Il 4 aprile 2026 sarà giornata di mobilitazione contro la NATO: in ogni regione mobilitazioni davanti a installazioni militari USA-NATO
Il 21 febbraio scorso a Napoli, presso l’Asilo ex Filangieri Bene Comune, si è tenuta la seconda assemblea nazionale promossa dal Coordinamento Nazionale No Nato (CNNN) dopo quella del 31 gennaio a Milano (di seguito il link del resoconto dell’assemblea https://www.noguerranonato.org/coordinamentonazionale/2026/02/03/sintesi-dellassemblea-nazionale-del-coordinamento-nazionale-no-nato-milano-31-01-2026/).
L’assemblea ha visto la partecipazione di oltre 120 persone, 35 interventi e un ricco dibattito rispetto alla spirale della Terza guerra mondiale e le pratiche, gli strumenti e gli obiettivi che gli organismi politici, sindacali, popolari e operai possono e devono darsi per liberare il nostro paese dall’occupazione militare USA e NATO dandogli un diverso e nuovo indirizzo politico, che viva della partecipazione e marci sulle gambe dei tanti, tantissimi organismi che oggi nel nostro paese non vogliono sottostare al regime di guerra e miseria imposto dal governo Meloni e dai suoi padroni e mandatari.

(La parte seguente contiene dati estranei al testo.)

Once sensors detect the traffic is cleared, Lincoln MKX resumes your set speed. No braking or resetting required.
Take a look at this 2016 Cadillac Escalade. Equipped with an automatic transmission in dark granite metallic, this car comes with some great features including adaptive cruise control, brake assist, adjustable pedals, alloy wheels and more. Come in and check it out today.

All’assemblea sono intervenuti: Asilo ex Filangeri, Lavoratori Leonardo di Grottaglie, Movimento No Muos, A Foras, Handala Ali, Osservatorio contro la militarizzazione di scuole e università, Tavolo per la pace di Trieste, Rete antimilitarista per la pace, Tavolo uniti contro la guerra, Docenti per Gaza, Padre Alex Zanotelli, Comitato Disarmo, Gruppo Giuristi e Avvocati per la Palestina, Sindacato Fisi, Sindacato Sociale di Base, Cobas Scuola, Civico 7 Napoli, PCUP, Partito dei CARC, Gallery Art, Anpi Zona Orientale di Napoli, Brigata Internazionale “Simon Bolivar”, Associazione Italia/Cuba Circolo di Napoli, PRC Campania, Noi Comunisti, Riseup Triggiano, Coordinamento per la Palestina Torre del Greco, Comitato “Passo Passo”, UDS – Unione degli Studenti, ASC –Associazione Studentesca Culturale, Ancora Italia, Comitato Nazionale Articolo 11, Stop Rearm, Comitato No F35 Trapani/Birgi, Vesuvio Libero, Global Movement To Gaza, Generazioni Future.

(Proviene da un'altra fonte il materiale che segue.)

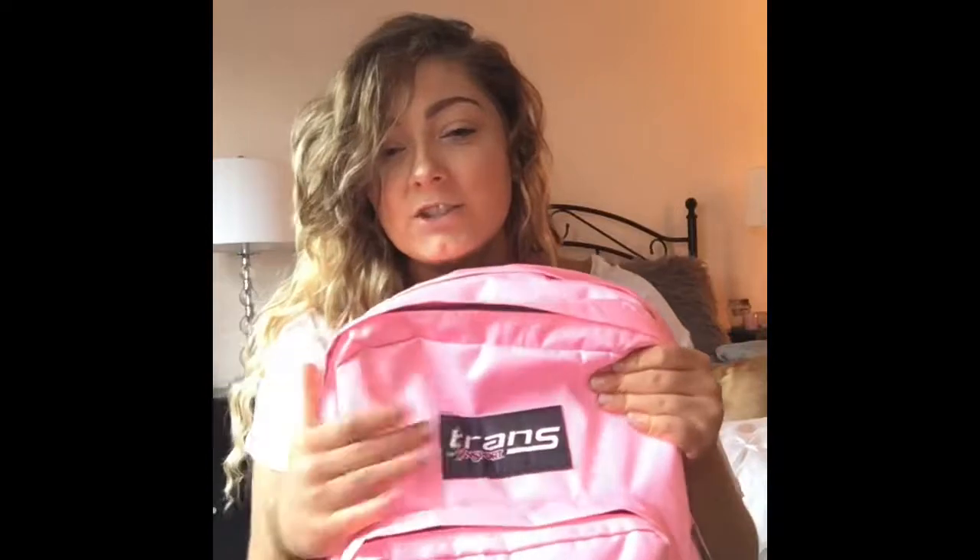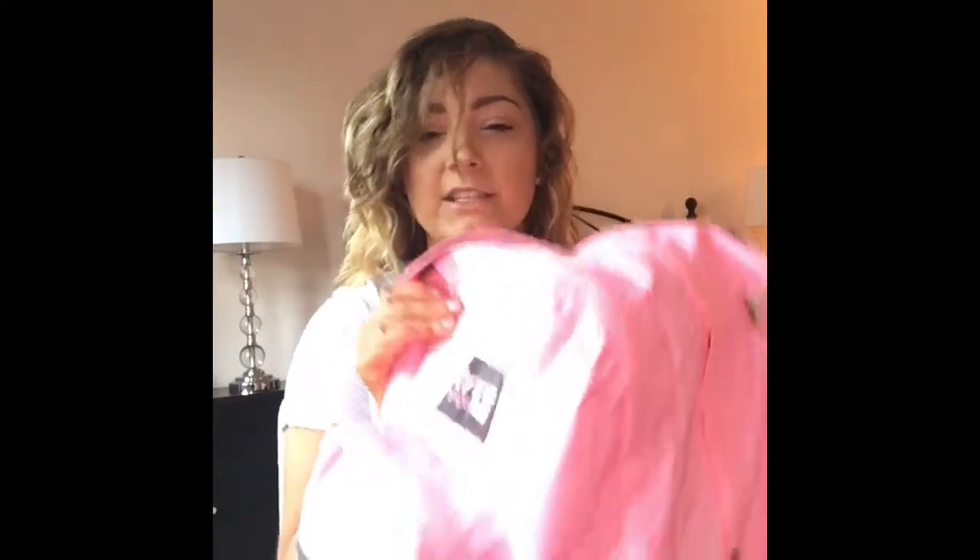This is my backpack. This is the Trans Jansport backpack. You've seen these all over YouTube — everybody loves these, I love these. They're humongous, like ginormous, bigger than me. I did get the pink one, the lighter pink one. They do have a more hot pink, but I got the lighter pink.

A introduzione del dibattito, è stata ripercorsa la storia del CNNN, un percorso avviato all’inizio del 2024 quando diverse realtà locali e nazionali hanno aderito ad un appello internazionale che chiamava alla mobilitazione in occasione del 75° anniversario della fondazione della NATO il 4 aprile 2024. Da quel momento il percorso ha visto numerose iniziative, riunioni, assemblee che hanno via via portato alla fondazione, l’8 dicembre 2024 a Bologna, del CNNN, a cui hanno aderito 25 realtà tra organismi nazionali e locali e oltre un centinaio di singoli contatti in tutto il paese.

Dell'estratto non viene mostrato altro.